TASK DESCRIPTION:
All lines from the one containing "Hello and welcome." through the final line of the listing below, and no others, must be returned exactly; no pictures belong in the copy.

EXERCISE MATERIAL:

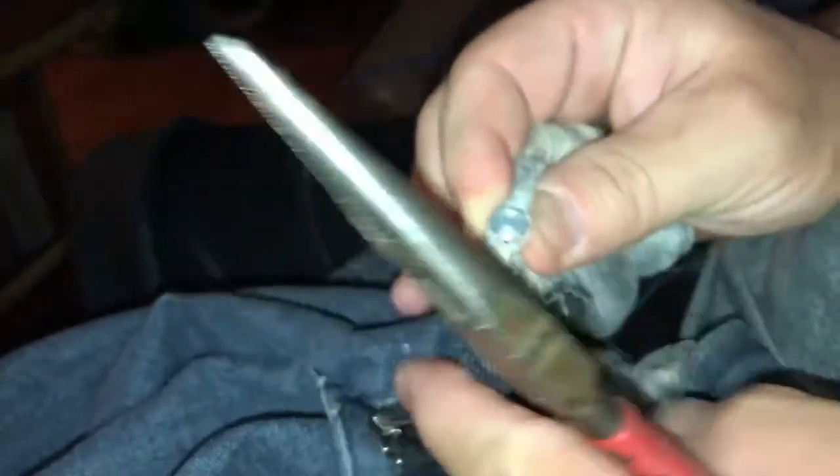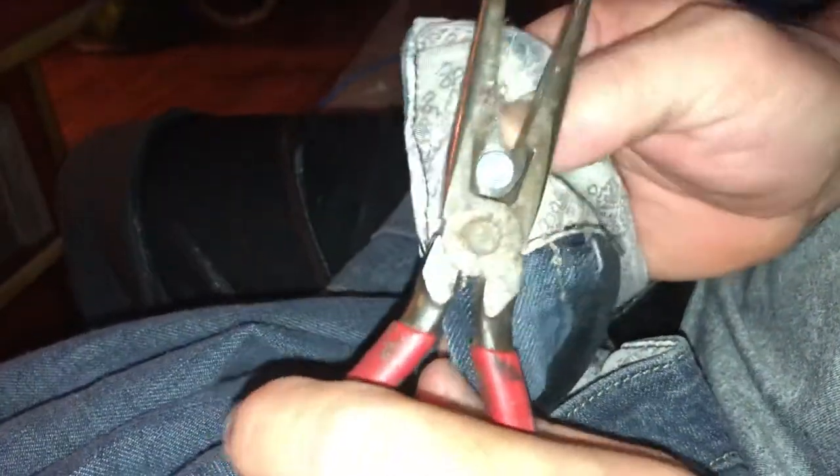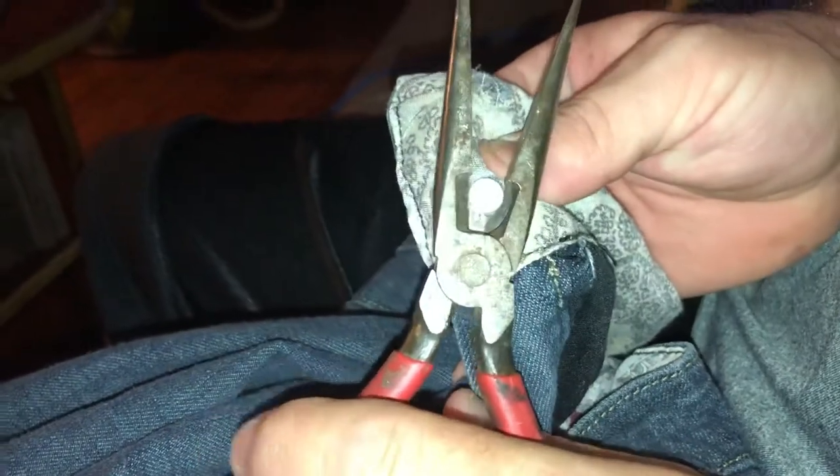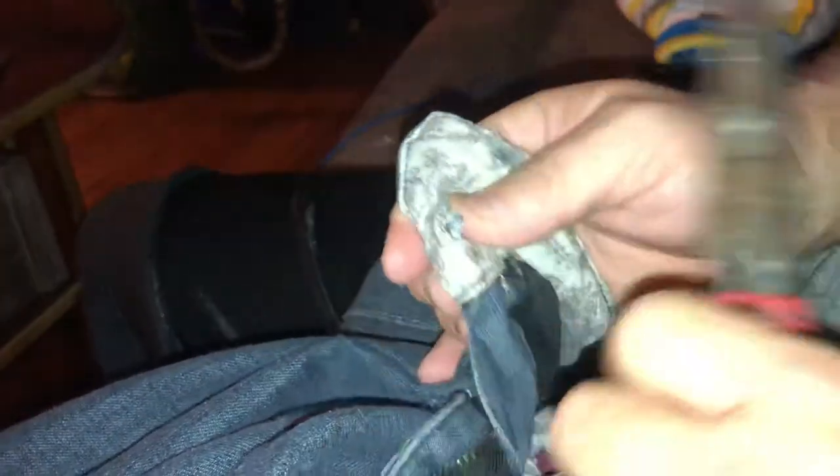I'm having a little problem with that. Get it right behind there — let me just clip it. The other one came off a lot easier. That's it.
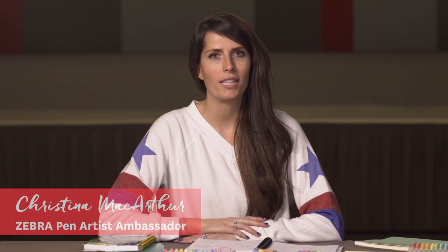Hello and welcome. I'm Christina MacArthur, representing Zebra Pen today to talk about Zebra Pen in the bullet journaling world. We have awesome products that range from pens to highlighters to brush pens that you can all incorporate.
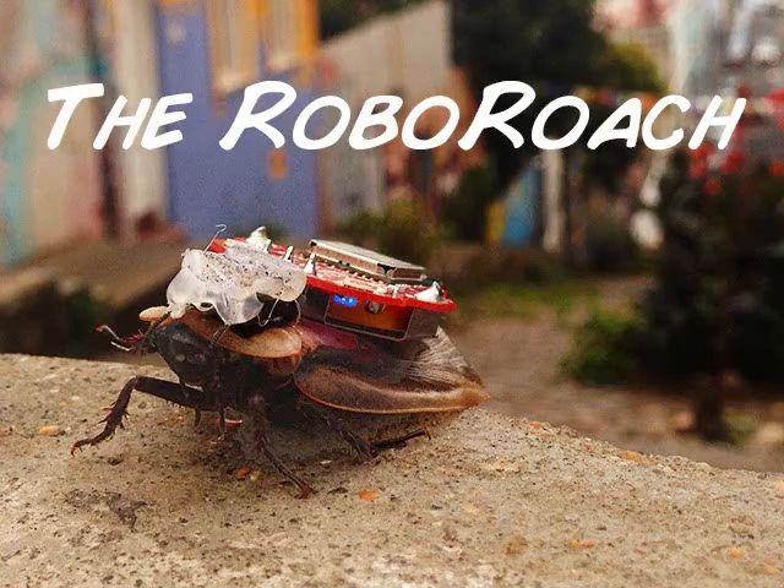Backyard Brains presents the RoboRoach. From the Backyard Brains Video Lab, we bring you the RoboRoach Surgery Instruction, circa December 2013.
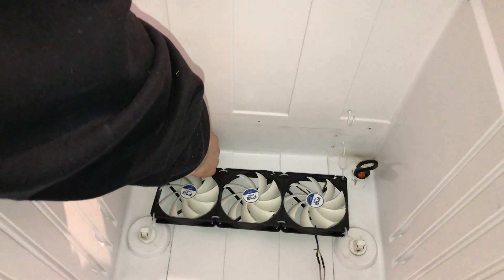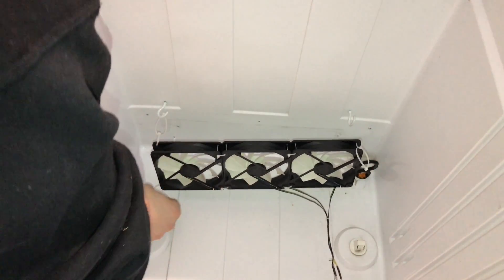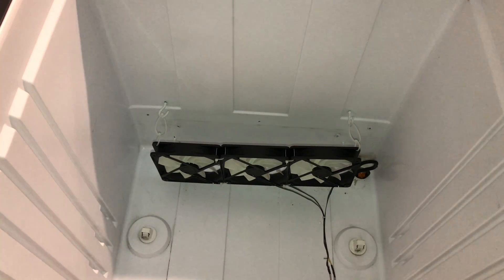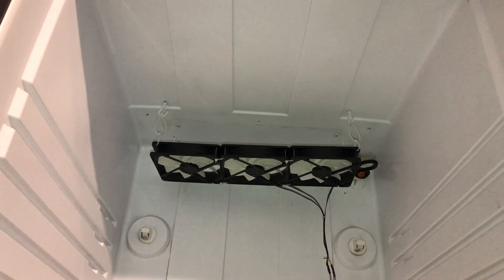We've got our four hooks installed. I'll put some zip ties on the fans — just put these on. There we go, just slightly angled towards the back. We should be fine.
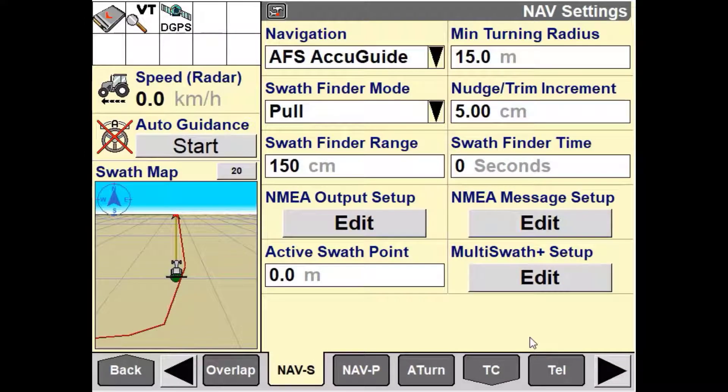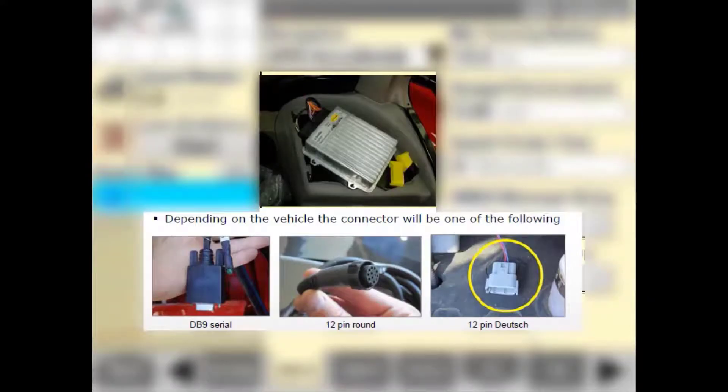NMEA, or NEMA, stands for National Marine Electronics Association. This is an industry-wide standard that gives us the ability to use an existing guidance system to send out a corrected GPS message from its diagnostic or programming port to an external display or controller via serial connection.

WRITTEN ANSWER:
Hello and welcome. I'm Christina MacArthur, representing Zebra Pen today to talk about Zebra Pen in the bullet journaling world. We have awesome products that range from pens to highlighters to brush pens that you can all incorporate.
Backyard Brains presents the RoboRoach. From the Backyard Brains Video Lab, we bring you the RoboRoach Surgery Instruction, circa December 2013.
We've got our four hooks installed. I'll put some zip ties on the fans — just put these on. There we go, just slightly angled towards the back. We should be fine.
NMEA, or NEMA, stands for National Marine Electronics Association. This is an industry-wide standard that gives us the ability to use an existing guidance system to send out a corrected GPS message from its diagnostic or programming port to an external display or controller via serial connection.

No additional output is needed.